# Apache Group webserver



## i125 (11. Februar 2003)

Hallo liebes Forum,

ich habe folgende Frage, und hoffe das mich der Systemadministrator oder der Moderator hier mich nicht erschießt ;-)

Also ich möchte gerne einen Apache Group Webserver auf einer NT4.0 Maschine mit PHP 4.3 Installieren.

Hat jemand schon mal erfahrungen auf einem NT4.0 Server gesammelt?

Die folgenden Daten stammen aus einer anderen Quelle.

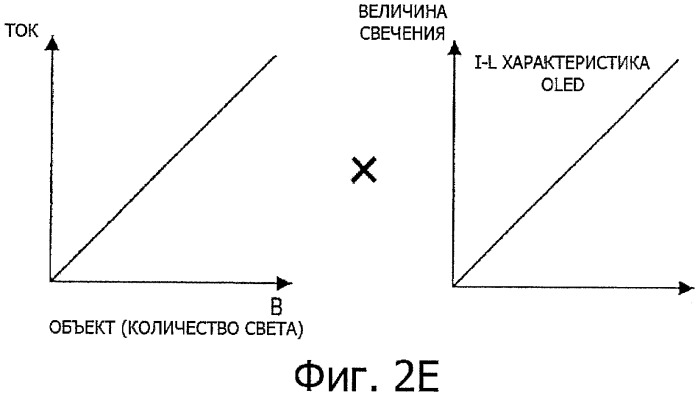 Устройство дисплея, способ обработки сигнала изображения и программа (патент 2469414)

Würde mich interessieren...

Für eure Antwort danke ich im voraus.


Gruss


Alexander


----------



## Neurodeamon (11. Februar 2003)

> _Original geschrieben von igfas _
> *Hallo liebes Forum*



Vielleicht solltest Du die User ansprechen  



> ich habe folgende Frage, und hoffe das mich der Systemadministrator oder der Moderator hier mich nicht erschießt ;-)



Das passiert nicht, im Forum lynchen die User  



> Also ich möchte gerne einen Apache Group Webserver auf einer NT4.0 Maschine mit PHP 4.3 Installieren.
> 
> Hat jemand schon mal erfahrungen auf einem NT4.0 Server gesammelt?

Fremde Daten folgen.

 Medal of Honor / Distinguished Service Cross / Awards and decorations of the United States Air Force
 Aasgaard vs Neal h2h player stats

Also, der Apache 1.3 wurde für Win NT und Win 2000 geschrieben. Wichtig ist die aktualisierung mit dem Service Pack 6 !!! Service Pack 3 oder 4 hat irgendwas mit  TCP/IP und Winsock verwurschtelt, was ab 5 und 6 wieder in Ordnung gebracht wurde.

Ab Apache 1.3.7 MUSS Winsock 2 installiert sein, das dürfte sich aber mit den Service Packs erledigen.

Nach meinen Erfahrungen läuft der Apache sehr stabil mit NT 4 (mit SP 6). Am besten läßt man den Apache dann als Service laufen. Es gibt mehrere Installer für den Apache die einem die Wahl lassen.


----------



## Christian Fein (12. Februar 2003)

Hallo ich muss dich wirklich erschiessen.

Grund:
Apache Group ratet selber davon ab den Apache auf Windows laufen zu lassen, zu anderen Dingen als Enwicklung.
Der Perfomanceverlust ist einfach zu hoch.

Es gibt 2 Lösungen die besser sind:
1. Lösung 
Nutze den IIS und binde dort PHP ein, auch wenn PHP auf Windows nicht so performant läuft. Der IIS ist vielleicht nicht der sicherste, aber zumindest auf Windows zu hause und recht performant. 

2. Lösung
Nutze kein NT4.0. Was ich für die bessere Lösung halte. NT ist doch schon etwas älter und auch kein wirkliches Server Betriebssystem. Es gibt kostenlose Alternativen von UNIX (*BSD ) über Linux die bedeutend besser geeignet sind für deine Ansprüche.
Klar muss mann sich das erst anlernen, aber das muss mann so oder so wenn mann einen Server aufsetzt. Denn mann trägt auch die Verantwortet darüber. Und wenn der Server als Spamrelay Station genutzt wird, kann mann mächtig ärger bekommen.


----------



## Matthias Reitinger (12. Februar 2003)

*[OT]*



> _Original geschrieben von HolyFly _
> *Klar muss mann sich das erst anlernen, aber das muss mann so oder so wenn mann einen Server aufsetzt. Denn mann trägt auch die Verantwortet darüber. Und wenn der Server als Spamrelay Station genutzt wird, kann mann mächtig ärger bekommen.*


Und was ist mit den Frauen?


----------



## i125 (12. Februar 2003)

Hallo,

erst mal Windows NT 4.0 Server ist weder veraltet noch ein Workstation System! Es ist immer noch dem Windows 2000 Server in sachen Sicherheit und Stabilität überlegen!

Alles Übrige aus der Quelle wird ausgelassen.